# Creating a test data set with similar properties as an original population

In [1]:
import numpy as np
import pandas as pd
import pprint
import random
random.seed(42)

## Create the original population
Each individual has four properties:
- age (numeric)
- civil_status (categorical)
- personal_status (categorical)
- pays_taxes (boolean)

These properties are assigned independently and in a random fashion. The status fields have the following values with their fractions in the whole population (unconditional probabilities) -- just some arbitrary values to initialize the data). Note that the assigned "probabilities" do not actually have to sum up to 1, they will be normalized by the `get_random_status` function; in this way they can also just be counts in the population.
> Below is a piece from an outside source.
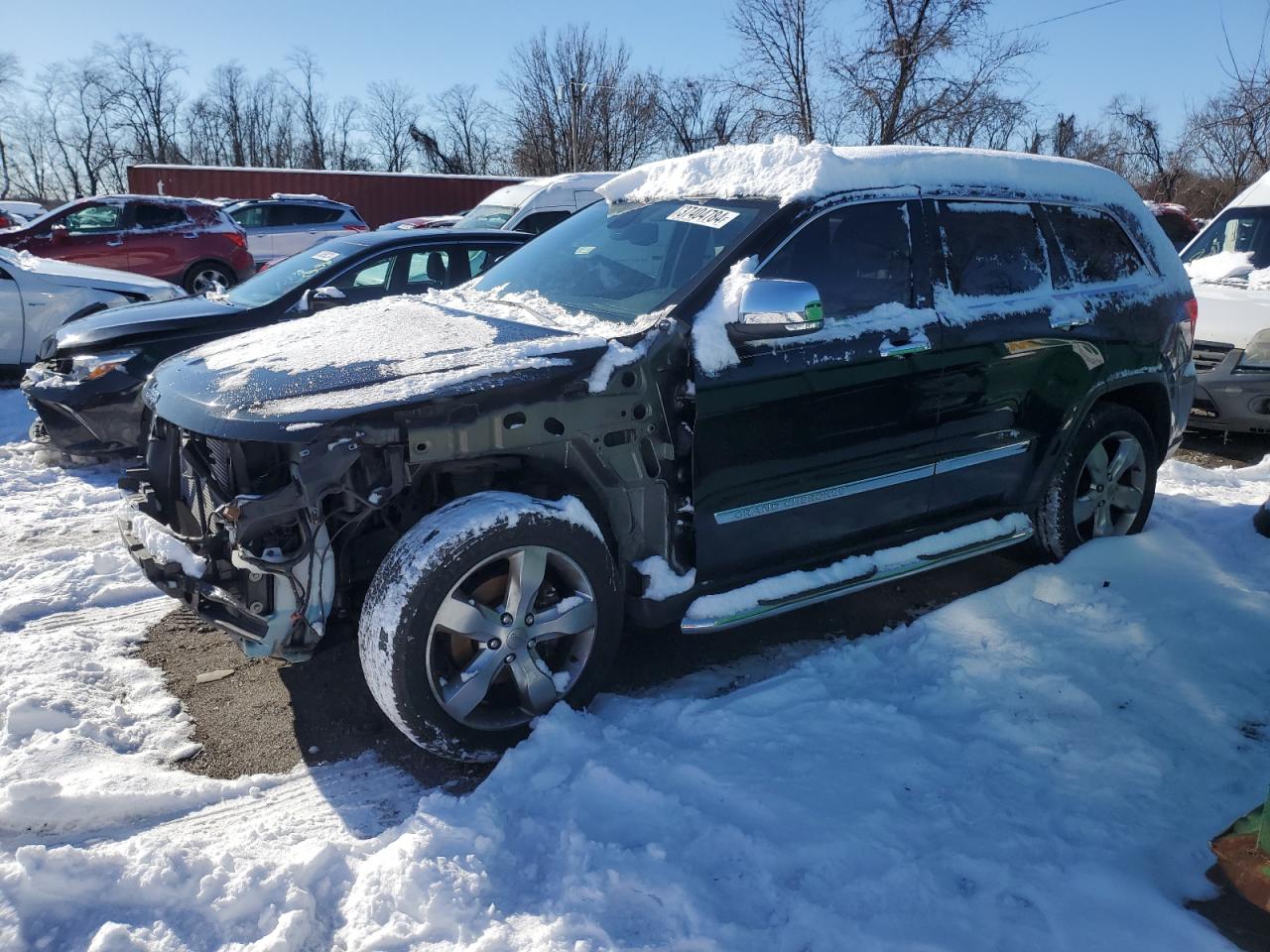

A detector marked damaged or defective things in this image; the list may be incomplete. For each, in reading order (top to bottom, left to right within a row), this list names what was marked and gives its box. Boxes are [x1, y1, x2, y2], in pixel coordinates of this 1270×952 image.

damaged hood [147, 292, 619, 440]
damaged black suv [116, 143, 1191, 758]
This will come in handy later on.

In [2]:
civil_status_values = {0: 0.3, 1: 0.2, 2: 0.5}
personal_status_values = {0: 1, 1: 3, 2: 2, 3: 4}

We need a function that allows us to randomly assign status values according to given probabilities; in the initial population these probabilities are given by the fractions that we specified above.

In [3]:
def get_random_status(status_values):
    status = list(status_values.keys())
    prob = np.array([0.0] + list(status_values.values()))
    prob /= sum(prob) # normalize, so that the last entry of the cumsum will be 1, the range of random
    prob_sum = np.cumsum(prob)
    return status[np.searchsorted(prob_sum, random.random()) - 1]
# test the function; note that due to random input the result will not always be exactly 40:80
tst = {0: 0, 1: 0} # initialize to zero, then add in loop for count of each value
for i in range(120):
    tst[get_random_status({0: 33, 1: 67})] += 1
print(tst)

{0: 45, 1: 75}


In [4]:
population_size = 12375
population = []
for i in range(population_size):
    population.append({
        'age': max(1, int(random.gauss(mu=32.5, sigma=7.2))),
        'civil_status': get_random_status(civil_status_values),
        'personal_status': get_random_status(personal_status_values),
        'pays_taxes': int(random.random() < 0.57)
        })
df_population = pd.DataFrame(population)
df_population.describe()

Unnamed: 0,age,civil_status,pays_taxes,personal_status
count,12375.0,12375.0,12375.0,12375.0
mean,31.971879,1.205657,0.577616,1.899313
std,7.250534,0.870451,0.493959,1.043368
min,4.0,0.0,0.0,0.0
25%,27.0,0.0,0.0,1.0
50%,32.0,2.0,1.0,2.0
75%,37.0,2.0,1.0,3.0
max,58.0,2.0,1.0,3.0


## Analyze the original population
From now on, the above `population` is the "truth" and the task is to create a synthetic population (of a different size) that statistically resembles the original one.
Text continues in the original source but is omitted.